You're right. The code works fine if F2 and W1 are on the stack. What you lose with D being the data stack pointer is that F2 and W1
have to be on the data stack. There is no option for them to be static. No problem, right? Just put everything on the stack.
Unfortunately, this runs counter to a basic design I've used, dating back to my first Forth, which was token threaded. To keep the size small, given my SBC at the time had limited ROM, I factored code as much as possible and to keep things reasonably fast I bypassed error checking and stack effects for these factors. For example, to compile, I have
(shown here is my 6502 TTC code):
Code:
; , ( x -- )
xt_comma:
jsr underflow_1
lda TOS,x
ldy TOS+1,x
jsr comma
inx ; clear x from stack
inx
jmp NEXT
; compile A
comma:
jsr c_comma ; store lsb TOS item at DSP
tya
jsr c_comma ; store msb TOS+1 item at DSP+1
rts
The factor
comma is called 15 times in my TTC Forth (the 65816 version is called 18 times in my current STC Forth). Primitive words that call this as an intermediate step avoid putting the value in the accumulator on the stack, only to delete it again and avoid error checking, which isn't needed for internal usage. It has a cost though. The word itself has to call the factor, incurring the cost of a subroutine call and return. But speed wasn't a concern in my TTC Forth.

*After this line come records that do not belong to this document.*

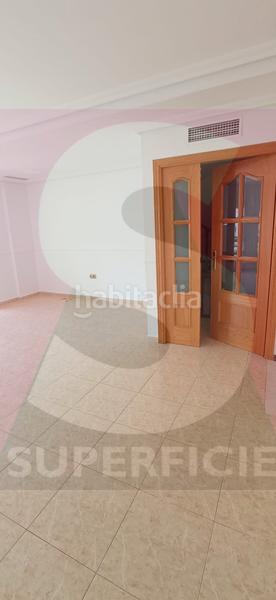 Foto a71d4e53-0919-41cf-abe8-603315fb5130. Casa adossada amb calefacció aparcament a Avenida Elvas Badajoz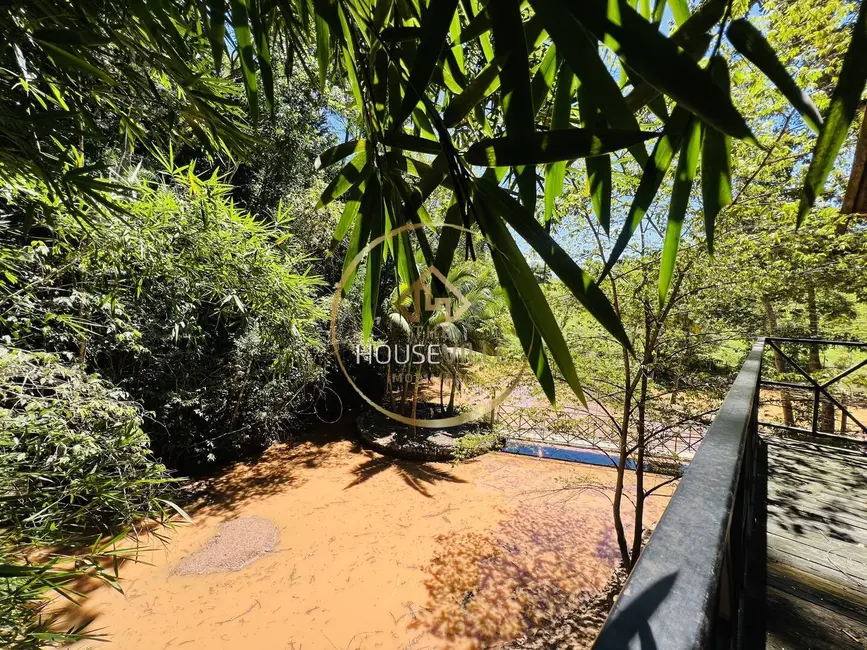 Sítio / Rancho com 7 quartos à venda, 121m2 em Paraibuna - SP - imagem 9 Foto 9 de Sítio / Rancho com 7 quartos à venda, 121m2 em Paraibuna - SP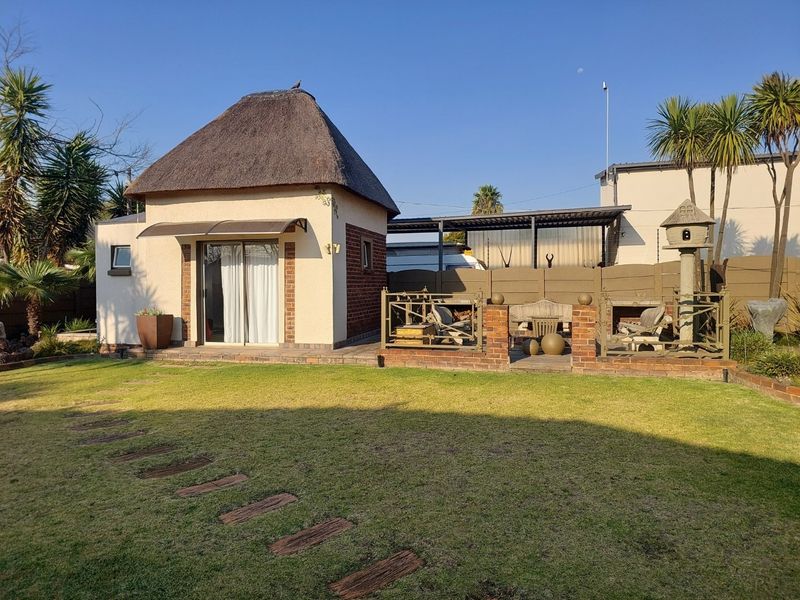 House with Cottage and Teen pad For Sale in Parkrand - Photo 5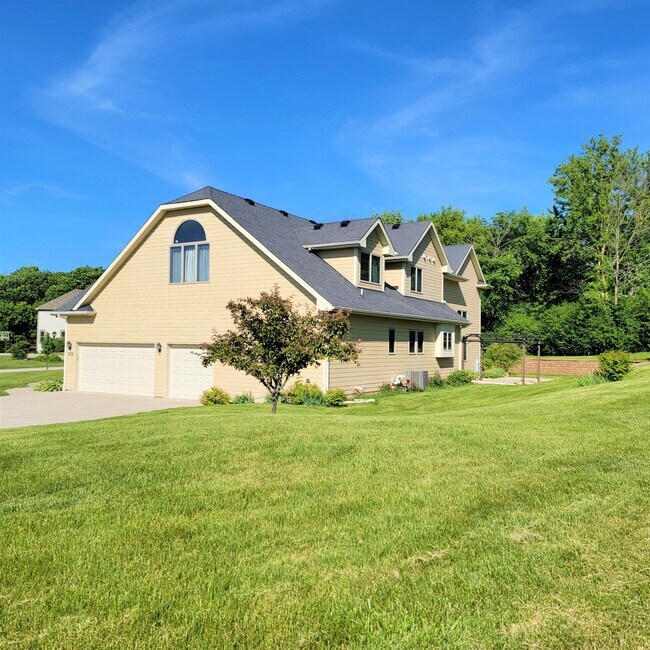 Building Photo - 520 Golden Eagle Ct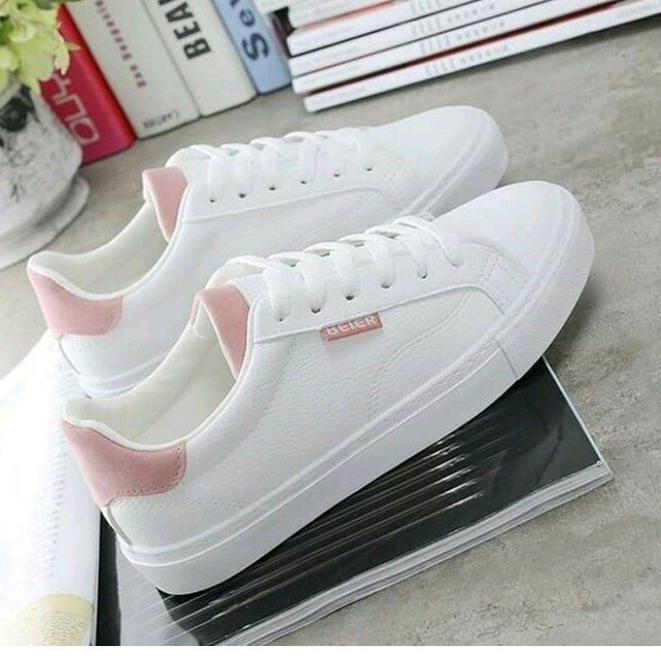 Sepatu Wanita Sneaker Putih BEIER Sepatu Kets Simple –MS.02Ja23l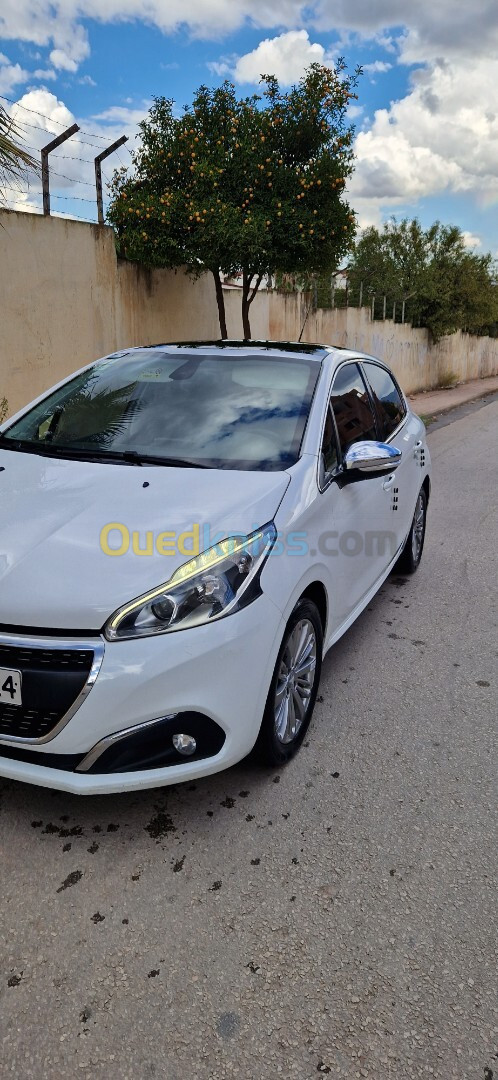 Peugeot 208 2018 Allure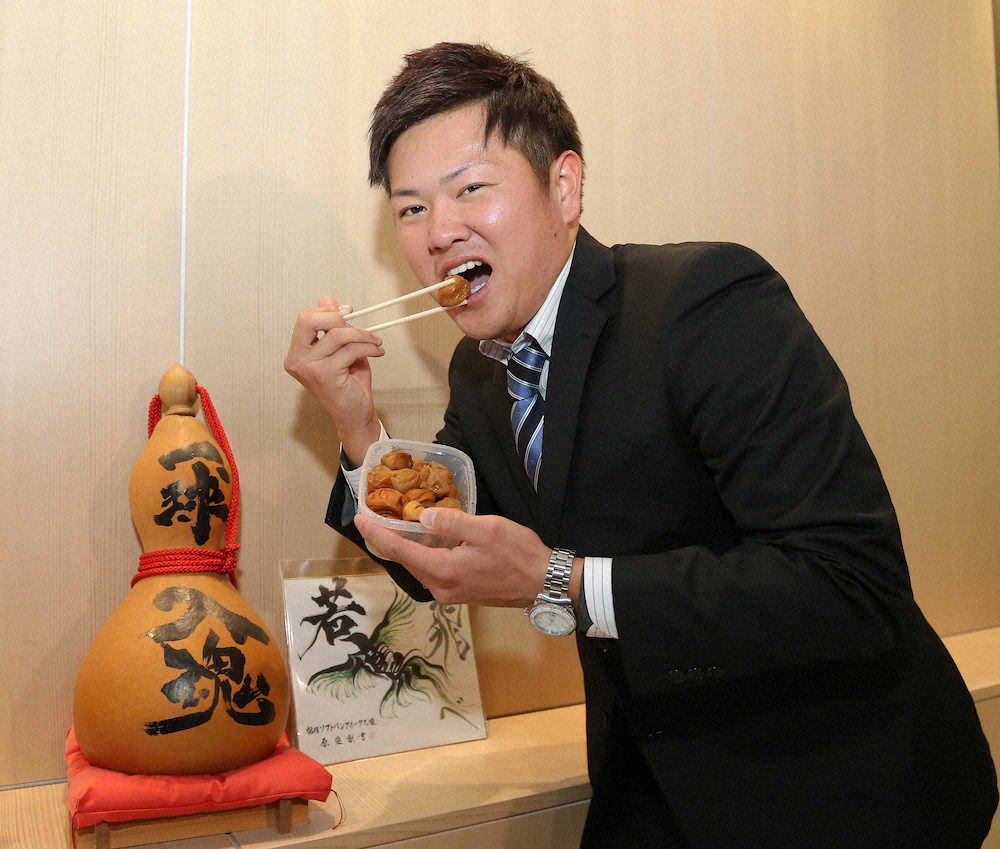 【画像・写真】祖母特製の梅干しを持参し入寮した津森（撮影・岡田　丈靖）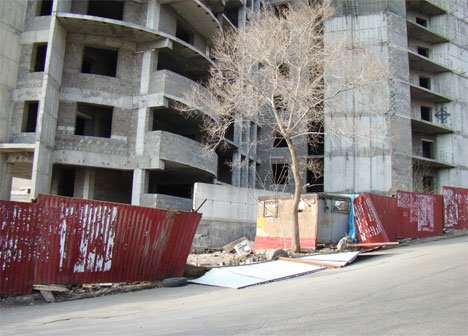 Во Владивостоке недостроенный жилой комплекс УМВД России остается брошенным и представляет угрозу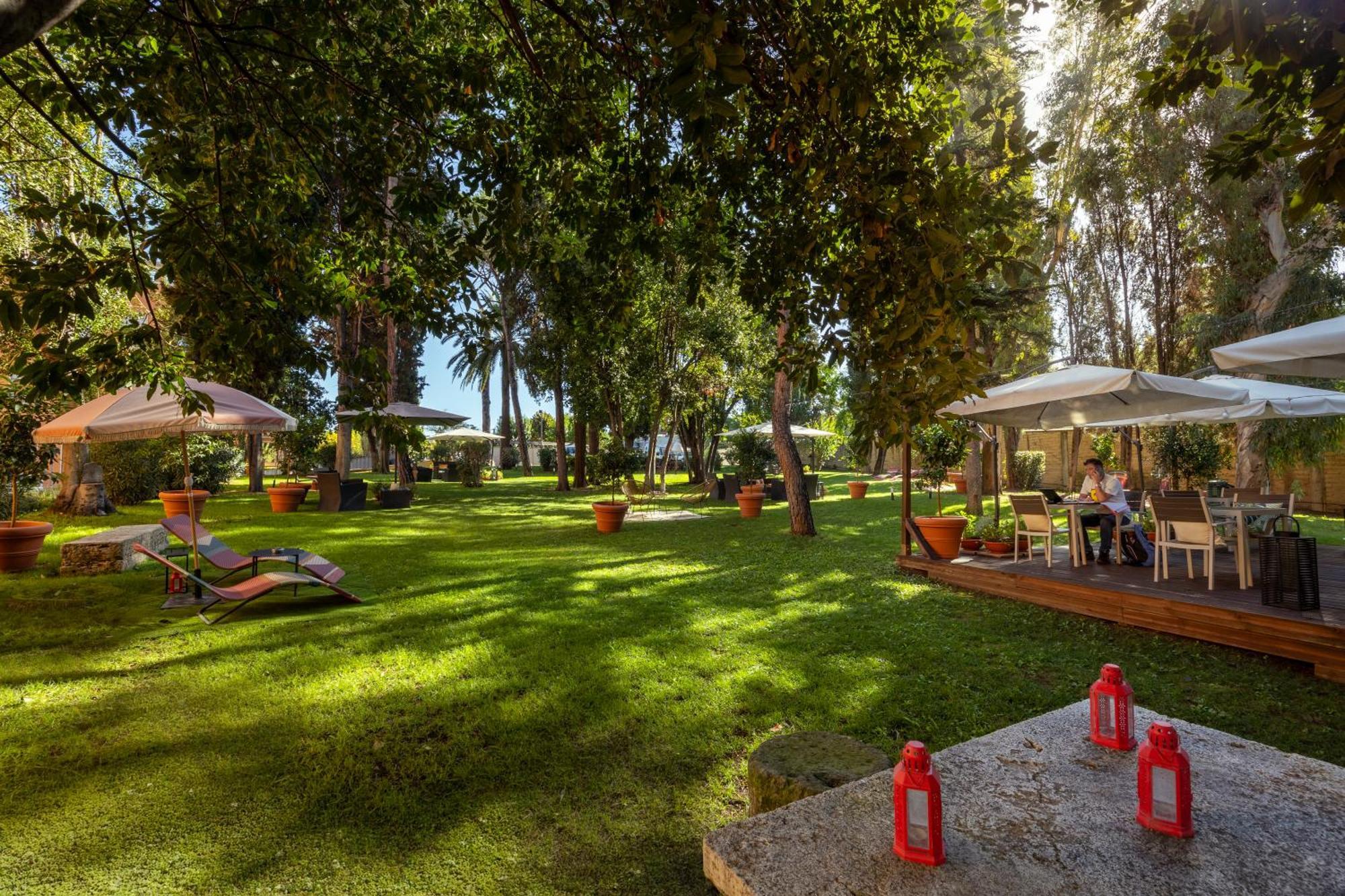 Garden Area Roma Eur Hotel Екстериор снимка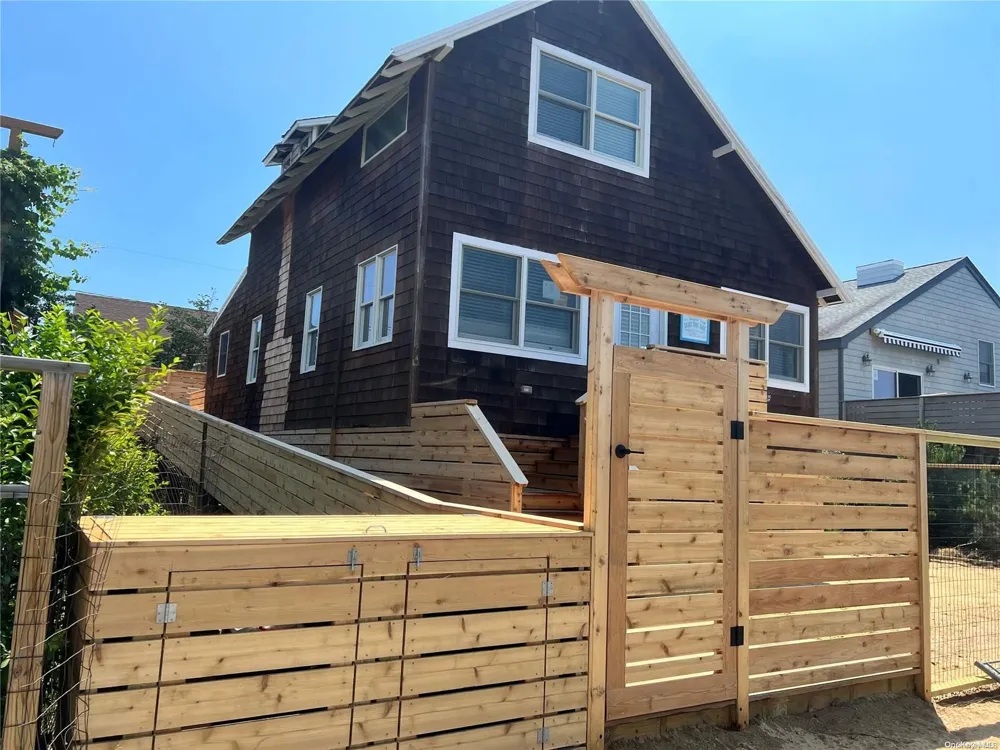 149 Bungalow Walk Ocean Beach, NY 11770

Maybe blindly, I've kept this design philosophy going forward. Generally, if a primitive word uses another non-trivial word as an intermediate, it calls a factor of that word's essential code, bypassing any stack effects and error checking. Parameters are passed via registers when possible, but at times I use statics when I need to pass more data. F2 and W1 are statics used in a factor of FIND. It's called 4 times in my TTC Forth and 5 times in my STC Forth.
I suppose I should reevaluate my design choice, given that I no longer have a memory constraint. However, while using the stack more effectively with the 65816's added address modes is appealing, the added cost of adjusting the data stack pointer, gives me pause. I have roughly about 140 words (probably less) that adjust the stack size. Using D as a data stack pointer would add about 560 cycles overall. I'm guessing that adding intermediate values to the stack as well would increase that many times, resulting in a generally less efficient Forth. I don't incur that cost using X as a data stack pointer, but as you said, doing so I may have an added cost in long access words. Given that I haven't coded my long access words, or even considered much how I'll use them, I'll leave this design choice to another day.